[Opening DATA FOR REVIEW section]

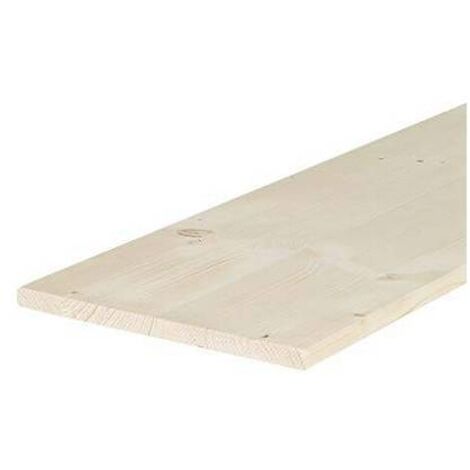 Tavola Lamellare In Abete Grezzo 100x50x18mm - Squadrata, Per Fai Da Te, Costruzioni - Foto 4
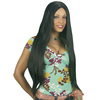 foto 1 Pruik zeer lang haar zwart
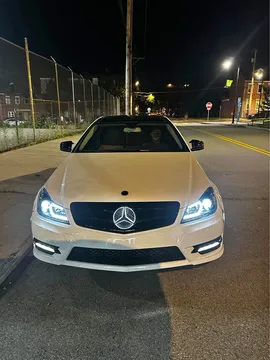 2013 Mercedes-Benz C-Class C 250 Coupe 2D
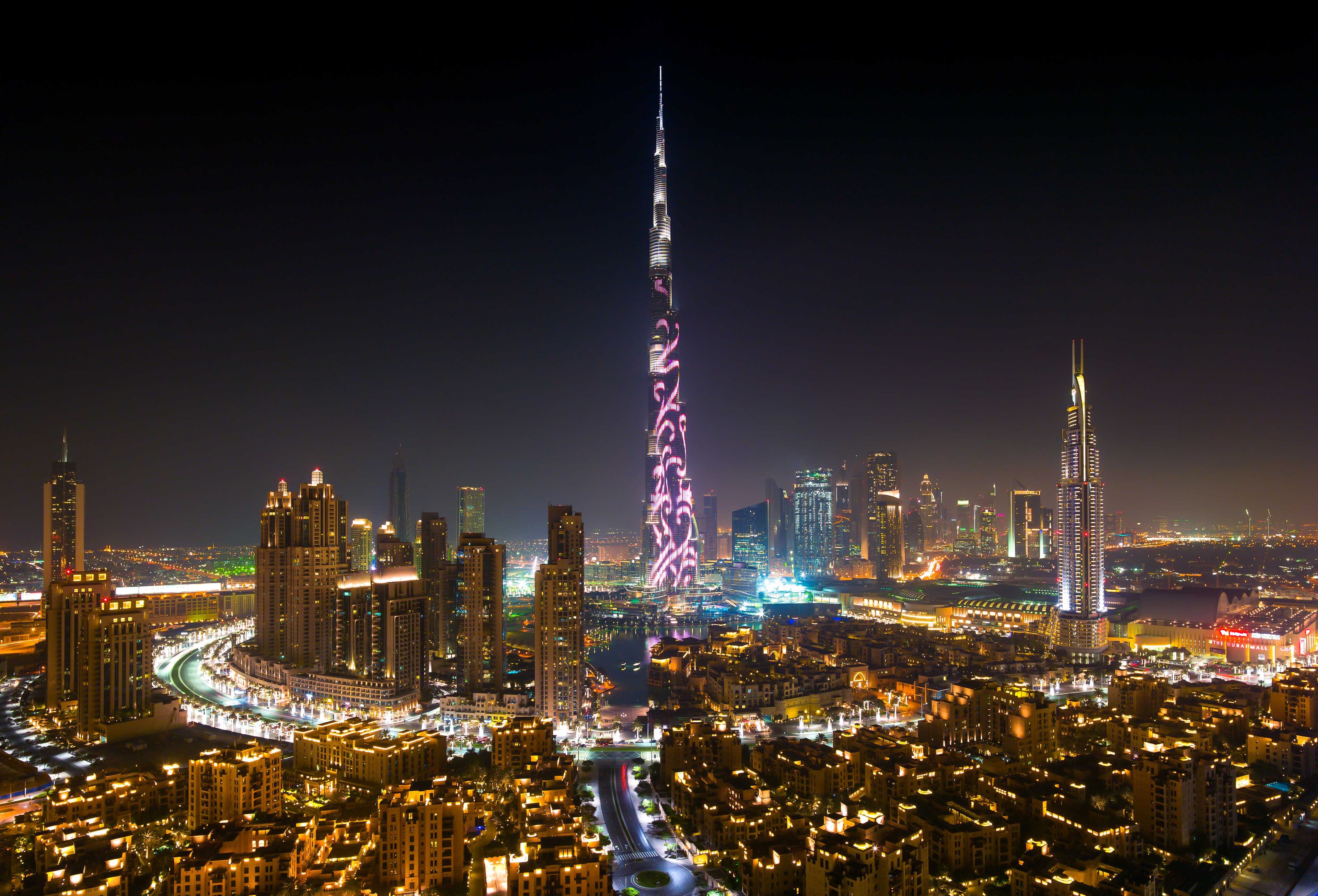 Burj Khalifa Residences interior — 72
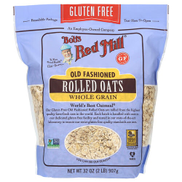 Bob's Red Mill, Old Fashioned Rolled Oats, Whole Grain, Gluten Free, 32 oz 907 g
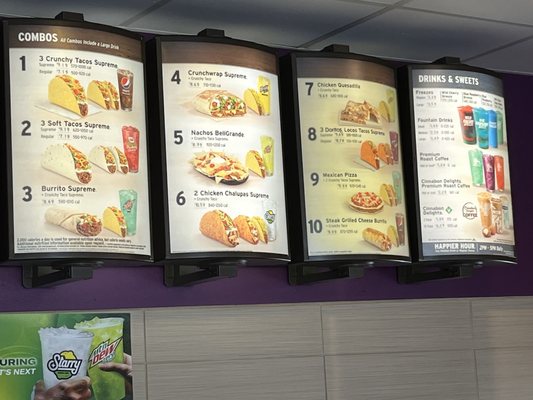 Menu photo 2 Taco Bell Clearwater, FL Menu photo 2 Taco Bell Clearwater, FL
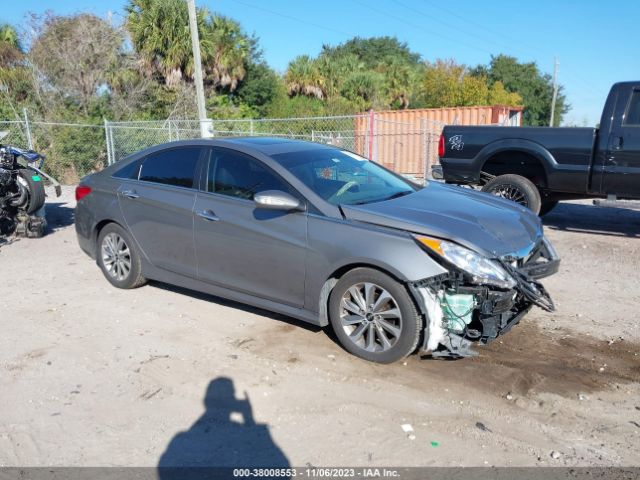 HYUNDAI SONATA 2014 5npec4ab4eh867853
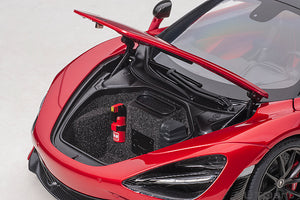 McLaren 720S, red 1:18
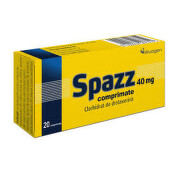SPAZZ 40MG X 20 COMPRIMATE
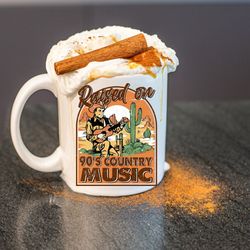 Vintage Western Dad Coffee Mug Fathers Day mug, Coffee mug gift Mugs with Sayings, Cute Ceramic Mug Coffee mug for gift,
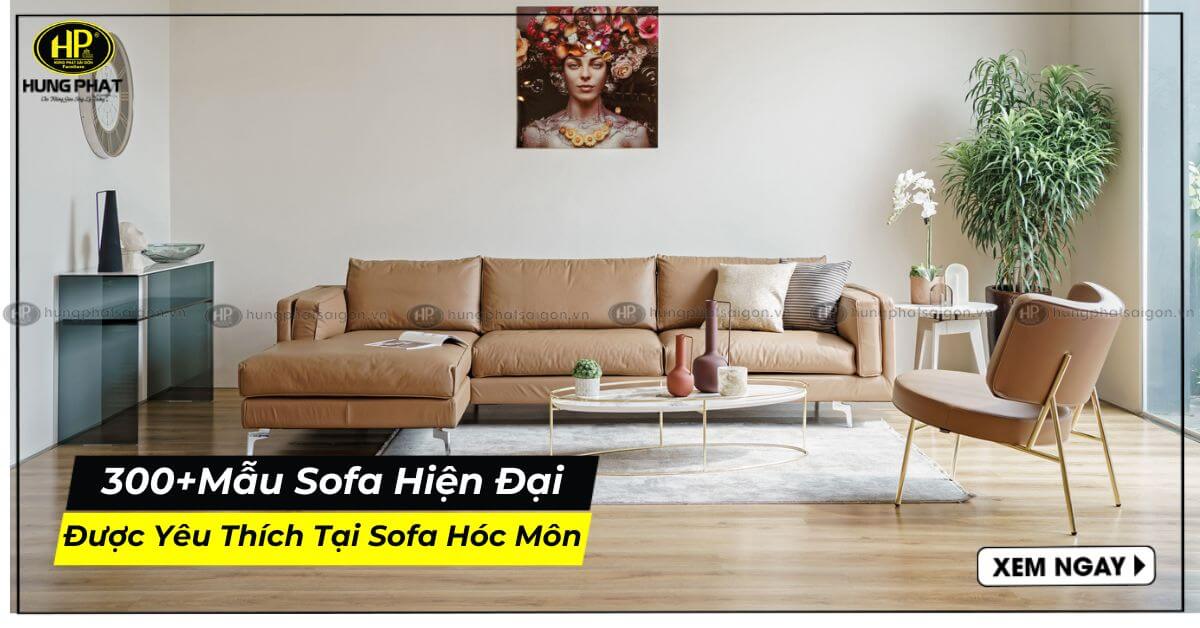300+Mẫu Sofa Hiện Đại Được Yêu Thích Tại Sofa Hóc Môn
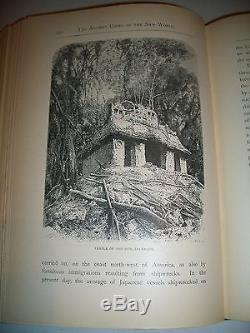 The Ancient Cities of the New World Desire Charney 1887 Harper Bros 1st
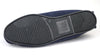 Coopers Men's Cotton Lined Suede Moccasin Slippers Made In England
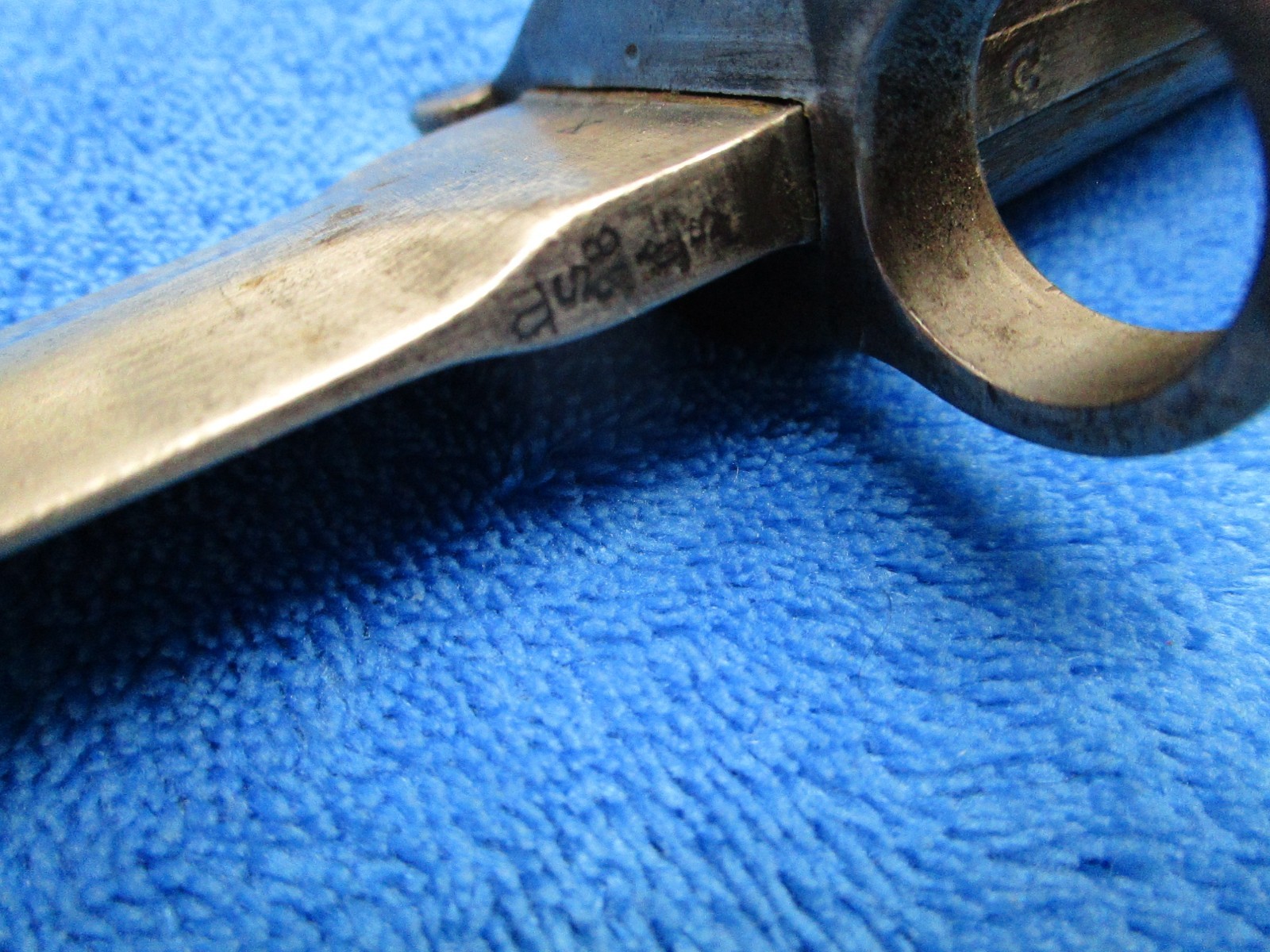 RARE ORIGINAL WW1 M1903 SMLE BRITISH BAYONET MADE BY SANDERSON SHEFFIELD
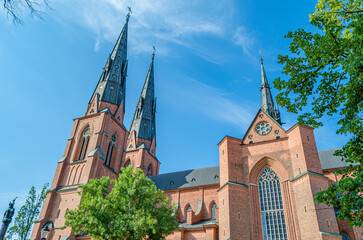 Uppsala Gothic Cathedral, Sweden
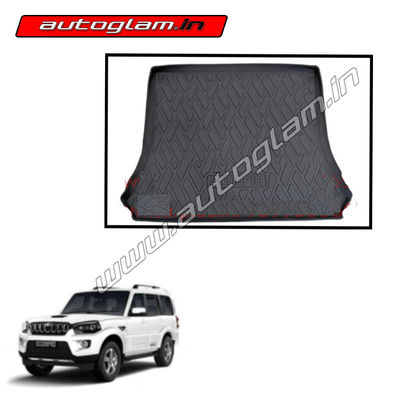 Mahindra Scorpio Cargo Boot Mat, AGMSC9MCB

[Closing DATA FOR REVIEW section]

* _TASK TO COMPLETE_
If a picture sits between the line containing "Menu photo 2 Taco Bell Clearwater, FL Menu" and the line containing "Vintage Western Dad", leave it out, and return the lines of that range above exactly, both ends included.

* _SOLUTION TO THE PROBLEM_
 Menu photo 2 Taco Bell Clearwater, FL Menu photo 2 Taco Bell Clearwater, FL
 HYUNDAI SONATA 2014 5npec4ab4eh867853
 McLaren 720S, red 1:18
SPAZZ 40MG X 20 COMPRIMATE
 Vintage Western Dad Coffee Mug Fathers Day mug, Coffee mug gift Mugs with Sayings, Cute Ceramic Mug Coffee mug for gift,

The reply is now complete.